With formal DoD approval in 1974, funded development contractor effort began towards a satellite launch in 1978. The ten years of development can be viewed, in retrospect, as occurring in five overlapping phases:

  1. Concept Feasibility: 1963-1964
  2. System Preliminary Formulation and Identification of Technology Requirements: 1964-1968
  3. Technology Development and Demonstration: 1966-1970
  4. System Definition: 1970-1974
  5. Mission and Operations Analysis, and Advocacy (towards formal DoD approval): 1968-1973

This ION session is intended to illuminate, from a historical point of view, as outlined above, how we came to the formal DoD approved GPS Program. We will discuss the following subjects in reference to the above:

  1. How the basic concept came to the author and how its fundamental feasibility was demonstrated.
  2. The results of the System Formulation and Technology Requirements activity.
  3. Some of the principal Development and Demonstration projects.
  4. The nature of the System Definition functions.
  5. The myriad of hoops through which we had to jump in order to get to final approval and contracting for the Program.

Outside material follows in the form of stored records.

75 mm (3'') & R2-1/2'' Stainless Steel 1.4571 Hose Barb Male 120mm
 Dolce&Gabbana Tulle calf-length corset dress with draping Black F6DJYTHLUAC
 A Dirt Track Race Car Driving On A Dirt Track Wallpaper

Featured will be naming of the principal contributors, the various agencies involved, and their roles. Some anecdotes will be offered which illuminate personalities and attitudes of the agencies.

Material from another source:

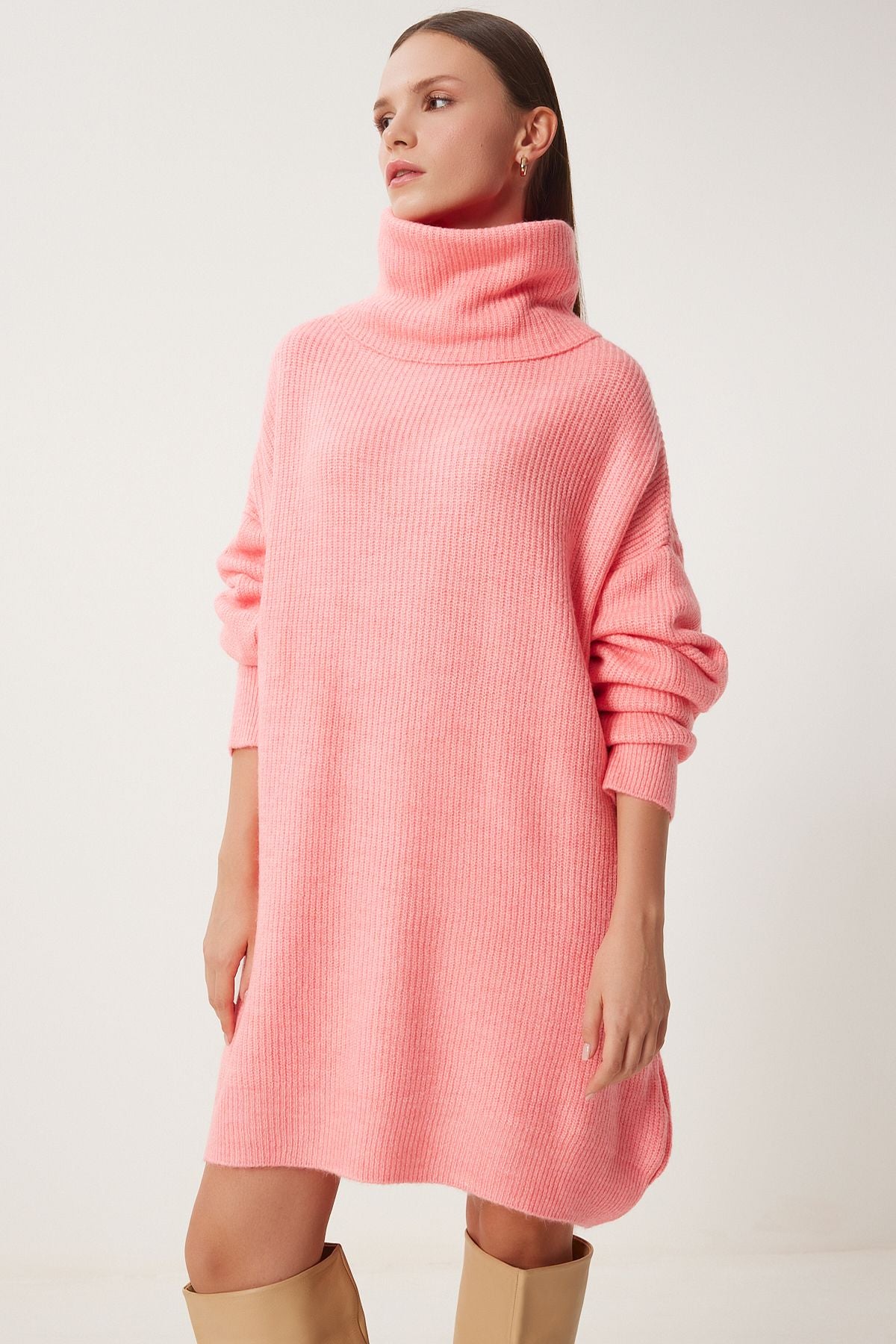 Female pink fisherman collar Long knitwear sweater MX00107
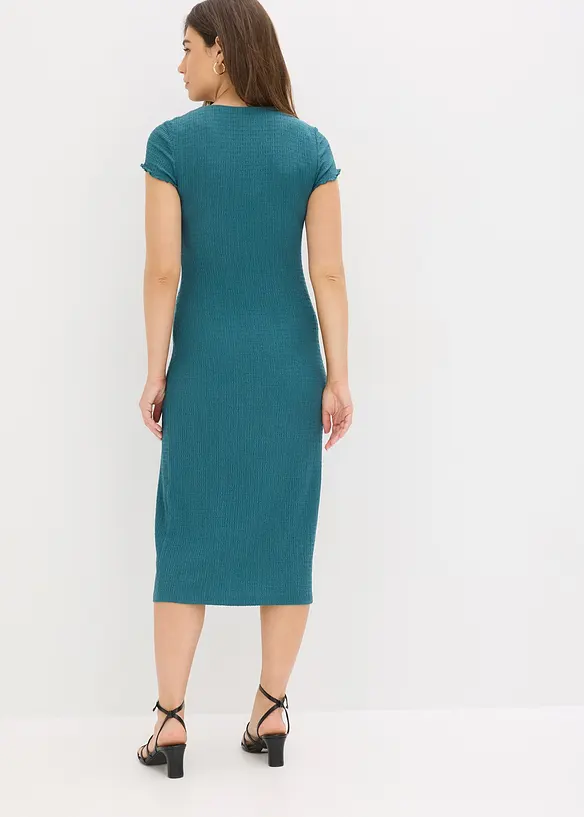 Jerseykleid aus strukturiertem Crêpe in petrol von hinten (Totalaufnahme) - bonprix Jerseykleid aus strukturiertem Crêpe in petrol von hinten (Totalaufnahme) - bonprix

Capsule Biography of Dr. Phil Diamond 
Dr. Diamond was born in 1930 and was raised in The Bronx, New York City. He graduated with a B.S.M.E. degree in 1951 from New York University. He took a position at Bell Aircraft Corporation in Buffalo, N.Y. in the Rocket Division and became the Director of the Hydraulics Research Laboratory. While there, he graduated from the University of Buffalo with an M.S.M.E. degree. His thesis was entitled “Flow in Short Tubes” (as in rocket motor injectors). From 1953 to 1958, Dr. Diamond attended Purdue University and was employed as a Research Assistant in the Rocket Laboratory, graduating in 1958 with a Ph.D. degree. His thesis was entitled “The Performance of the 90% Hydrogen Peroxide-JP-5 Rocket Propellant Combination”. After three years at Convair in Ft. Worth, Texas, he joined The Aerospace Corporation in Los Angeles. He rose to become the General Manager, Development Planning Division and retired in 1992. From 1992 to 1998, Dr. Diamond was employed as a consultant to various aerospace companies. During his employment at The Aerospace Corporation, he also contributed as a member of several National Committees, including the NASA Space Science and Technology Advisory Committee, the Air Force Scientific Advisory Board, The Army Scientific Advisory Board, and the National Academy of Sciences Naval Studies Board. Phil was married in 1953; he has four children and ten grandchildren. He and his wife, Enid, a retired Professor of Mathematics, live in Palos Verdes Estates, California. His main hobby (other than his grandchildren) has been designing, building, and flying radio controlled model aircraft.